‘Buzz’ around Cabernet Franc emerging in Napa
Napa Valley might be one of the best-known Cabernet Sauvignon areas in the wine world. But it’s another Cabernet – Cabernet Franc – that is increasingly the big topic of conversation among the region’s growers – and which is attracting the highest prices.
“I get more phone calls about Cab Franc,” says Marcus Notaro, winemaker at Stag’s Leap Vineyards. “People saying they want to plant it and asking which clones to use. I’ve definitely seen some excitement with Cab Franc amongst our growers. It has a bit of buzz.”
Currently the variety – the parent of Cabernet Sauvignon – is dwarfed by its more famous progeny. There are just 1200 acres of Franc, compared to over 22,000 acres of Cabernet Sauvignon in Napa.
But while plantings of the latter have doubled over the last 25 years, those of Cabernet Franc have increased only by 50%. Coupled with an increased interest in the variety, it’s putting big pressure on prices.
Currently Cabernet Franc is the most expensive variety. In last year’s crush its average price was $9,414/tonne. Cabernet Sauvignon, by comparison, was $8,023.
“The proportions are out of whack,” says John Skupny, winemaker/owner at Lang & Reed. “Price-wise, Cabernet Franc has always been in the same ballpark as Cabernet Sauvignon until the last six or seven years.”
Skupny estimates that Napa should “probably have at least 5-6000 acres”. The grape’s rise is being put down to two factors. Firstly, there is a growing interest from US consumers in wines (and varieties) from the Loire, which are more affordable than Bordeaux, Burgundy or US Pinot Noir.
“We don’t have to explain it any more,” says Skupny, who has concentrated on Cabernet Franc and Chenin Blanc since the early 1990s. “People are much more aware of it and are seeking it out because it’s different.”
Sommelier groups, he adds “love it because it’s geeky and off Main Street.”
The second factor is its growing use with Cabernet Sauvignon. Although a growing number of wineries are making 100% Cabernet Franc, much of the demand comes from it being seen as a desirable component in Napa’s ‘super-blends’.
“If you have nice ripe Cabernet Sauvignon, what makes it better?” says Stag’s Leap’s Notaro. “To me it’s Cabernet Franc. The tannins balance out really nicely, and it adds another layer of complexity.
“Merlot in Napa Valley is quite nice, but it’s softer, and I don’t really need that. I’m using less and less Merlot. Do I need Petit Verdot to add structure and colour? I feel we don’t really need a varietal like that.”
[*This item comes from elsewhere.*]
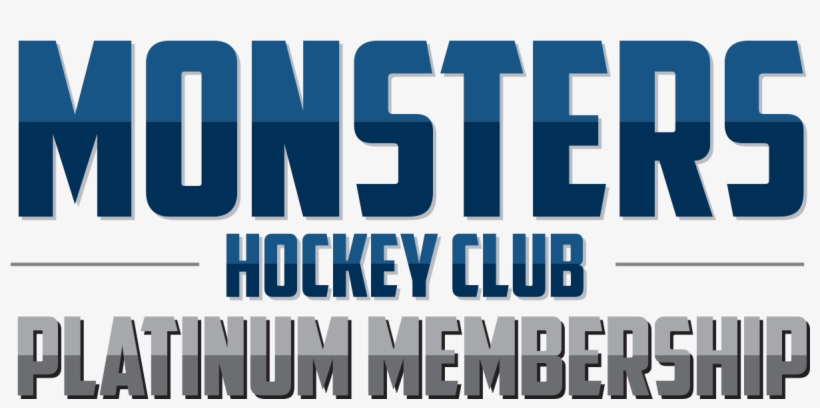 What Is A Monsters Hockey Club Membership - Electric Blue, transparent png download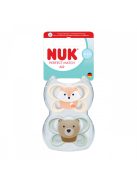 Baba cumi  NUK Perfect Match Air FOX/BEAR 0-2m 2db box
Skupny observes that “A Francophile would say that a little Cabernet Franc makes Cabernet Sauvignon smell like it should.”
“Franc gives it perfume and s spiciness that otherwise gets ripened out of Cab Sauv,” he explains. “It definitely gives the mid palate and the finish lift. It’s more like ripe cherries than black cassis without adding to the tannin load.”
Cabernet Franc is not for the faint-hearted since it is naturally vigorous and also ripens less uniformly, requiring extra passes and vigilance in the vineyard. Skupny describes it (positively) as “like walking on a razor’s edge of ripeness”.
And, challenging or not, at Stag’s Leap, Notaro has planted more of it and is happy with the results. “Can we expect more wineries to be using 10% of it in the blends in the years to come? I feel that way, and I hear other people talk that way,” he says. “It’s a more intensive variety, but it’s worth the effort. Anything we can do to make better wine, why not?”